Le décret d’abolition révèle la grande peur des révoltes d’esclaves: s’il ne s’appliquait pas, « il pourrait en résulter dans les colonies les plus déplorables désordres », est-il écrit dans le préambule. Surtout, il fixe le principe de l’indemnisation des colons. Une loi de 1849 leur accordera une rente de 120 millions et une somme de 6 millions en numéraires. Les anciens esclaves n’avaient, eux, aucune indemnisation, ni aucune terre ! Ce décret reconnaissait donc que le droit de propriété d’un homme sur un autre, désormais supprimé, avait été légitime auparavant puisqu’il donnait aux colons une juste indemnité.

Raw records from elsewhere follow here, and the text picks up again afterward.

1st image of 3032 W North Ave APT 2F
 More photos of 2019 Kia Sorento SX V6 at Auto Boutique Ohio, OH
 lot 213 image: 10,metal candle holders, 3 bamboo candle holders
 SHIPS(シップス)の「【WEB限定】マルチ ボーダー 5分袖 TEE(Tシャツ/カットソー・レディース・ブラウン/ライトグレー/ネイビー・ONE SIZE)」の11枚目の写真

Ces mêmes républicains qui abolissent l’esclavage sont déjà engagés dans une politique de colonisation violente en Afrique et en Asie, qu’ils justifieront au nom de la prétention d’apporter les droits de l’homme et les valeurs civilisatrices de la révolution française aux peuples « arriérés ». La nouvelle idéologie dominante saura recycler les vieux préjugés racistes issus de 300 ans esclavagistes, pour justifier l’extension coloniale capitaliste sur tous les continents, piller leurs ressources et exploiter leur main d’œuvre. Mais la lutte des esclaves pour leur libération aura jeté les bases du mouvement ultérieur d’émancipation du colonialisme. Elle est loin d’être terminée, y compris sur le terrain idéologique, quand on voit les Sarkozy et consorts oser encore inscrire dans la loi les « aspects positifs de la colonisation ».